Merge pull request #318 from rajuljha/updates/week3

GMishx · web-flow · commit 62d5bc3e9f68 · 2025-06-19T21:31:39.000+05:30
chore(docs): Add week3 atarashi docs.
diff --git a/docs/2025/atarashi-enhancement/updates/2025-06-18.md b/docs/2025/atarashi-enhancement/updates/2025-06-18.md
@@ -0,0 +1,98 @@
+---
+title: Week 3  
+author: Rajul Jha  
+tags: [gsoc25, Atarashi]
+---
+
+<!--  
+SPDX-License-Identifier: CC-BY-SA-4.0  
+SPDX-FileCopyrightText: 2025 Rajul Jha <rajuljha49@gmail.com>  
+-->
+
+# Week 3
+
+*(June 17, 2025 - June 18, 2025)*
+
+## Meeting 1
+
+*(June 18, 2025)*
+
+## Attendees
+
+* [Rajul Jha](https://github.com/rajuljha)
+* [Kaushlendra](https://github.com/Kaushl2208)
+* [Ayush](https://github.com/hastagAB)
+* [Sushant](https://github.com/its-sushant)
+* [Shaheem Azmal M MD](https://github.com/shaheemazmalmmd)
+
+## Discussions
+
+* Presented progress on improving the Locality Sensitive Hashing (LSH) approach for license detection.
+* Compared MinHash (Jaccard-based) vs SimHash (cosine-based) algorithms.
+* Shared insights from experimenting with different vectorization techniques (TF-IDF vs. Sentence Transformers).
+* Discussed handling large-scale corpora with caching and sampling strategies.
+* Mentors proposed a **3-step architecture for Atarashi** involving:
+  1. Initial keyword detection using `STRINGS.in`.
+  2. License prediction via LSH-based classifier.
+  3. Final license verification for correctness.
+
+## LSH Algorithm and Implementation Updates
+
+### From MinHash to SimHash
+
+* Initial implementation using **MinHash with character shingles** and Jaccard similarity yielded poor results — lacked robustness against paraphrased or partial text.
+* Switched to **SimHash**, which is more suitable for high-dimensional dense vector spaces and performs well with cosine similarity.
+
+### SimHash Overview
+
+* SimHash works by projecting high-dimensional vectors into binary hash codes based on weighted sign projections.
+* Vectors that are **closer in cosine distance** map to hash codes with **small Hamming distances**.

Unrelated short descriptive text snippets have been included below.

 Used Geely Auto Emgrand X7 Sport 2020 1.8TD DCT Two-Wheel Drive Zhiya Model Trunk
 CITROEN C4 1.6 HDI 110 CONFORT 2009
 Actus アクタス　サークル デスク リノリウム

+* Enables fast similarity search using **hash buckets**, significantly reducing lookup time.
+
+### Vectorization Techniques
+
+* **TF-IDF Vectorizer** was initially used but resulted in **sparse vectors**, which are incompatible with SimHash.
+* Transitioned to **`sentence-transformers`** — used **all-MiniLM-L6-v2** model, which generates **dense sentence embeddings** suitable for SimHash.
+
+### Performance Optimizations
+
+* Implemented **caching** to avoid repeated vector generation for the same files.

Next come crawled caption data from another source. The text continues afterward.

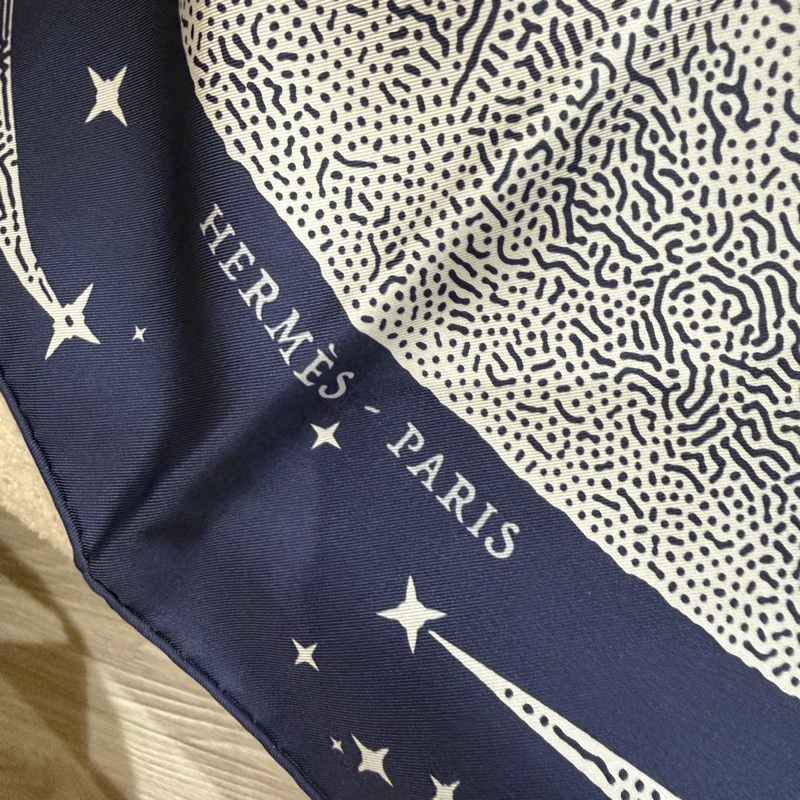 Hermes 月球絲巾🖤雙面🌛🩵超級美-2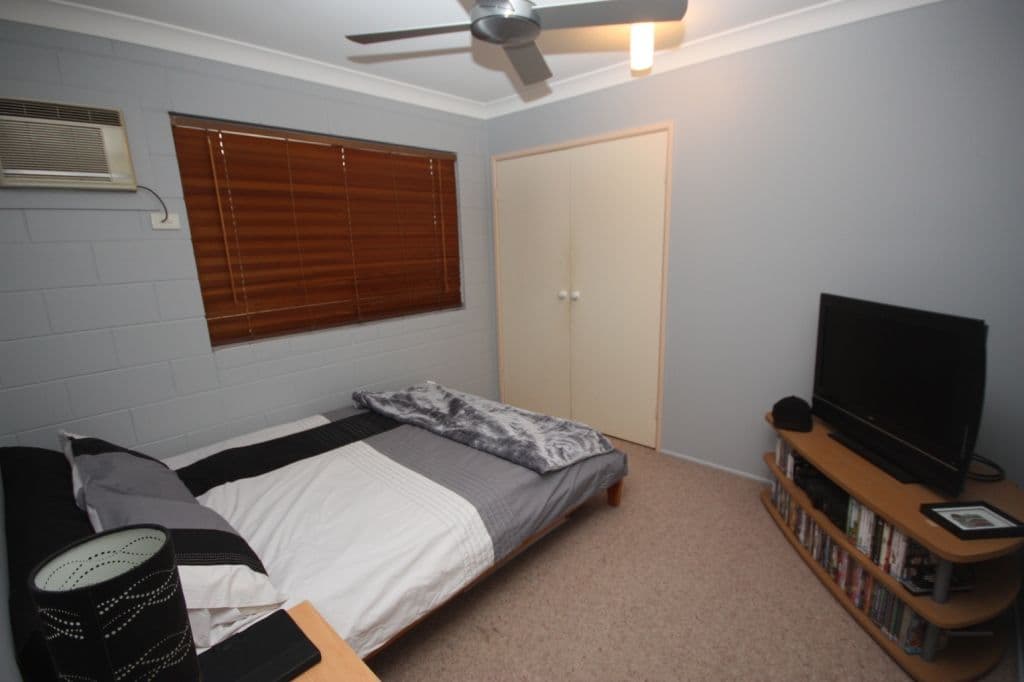 19 Bowling Green Street, BRANDON QLD 4808, Brandon - Thumbnail 7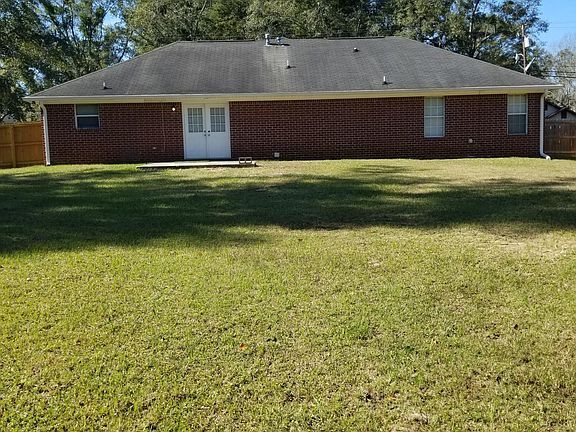 Building Photo - Almost entire home has been remodeled.
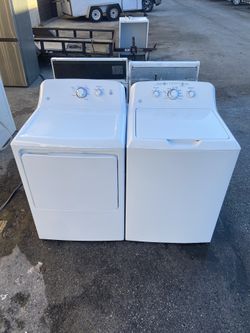 GE Washer And Dryer Set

+* Due to dataset size (~162k files), limited vectorization to a representative subset of **10,000 files** for faster experimentation.
+
+## Experimental Results
+
+* **Combined all Minerva files into a single corpus** and indexed using SimHash-based LSH.
+* Indexed 10,000 sample files, including:
+  * 46 unique licenses (out of 654 total)
+  * 20 known non-license texts
+  * Total -> 674 queries.
+
+**Key Metrics:**
+
+| Metric | Value |
+|--------|-------|
+| Indexed licenses | 46 / 654 |
+| Correctly retrieved licenses | All 46 |
+| Correctly rejected non-license text |  20 / 674 |
+| Detected unseen licenses (not indexed) |  203 / 608 |
+| Indexed file subset | 10,000 / 162,833 |
+| Overall trend | Positive performance despite limited indexing |
+
+Code Repository: [atarashi-classifier](https://github.com/rajuljha/atarashi-classifer)
+
+---
+
+## Problems Identified
+
+* **TF-IDF vectors** were too sparse, reducing effectiveness with SimHash.
+* **Limited indexing** (only 10k files) restricts generalization for rare licenses.
+* Not all licenses were present in the indexed corpus — needs **broader coverage**.
+* **False negatives** among non-license texts indicate further tuning is required.
+
+## Planning for Next Week
+
+* Start working on **Stage 1** of the proposed pipeline:
+  * Extract and match keywords from `STRINGS.in` (used by Nomos) to identify candidate license regions.
+* Expand indexed dataset to include more diverse license types.
+* Improve non-license detection rate through better negative sampling and filtering.
+* Continue tuning SimHash and embedding-based search thresholds.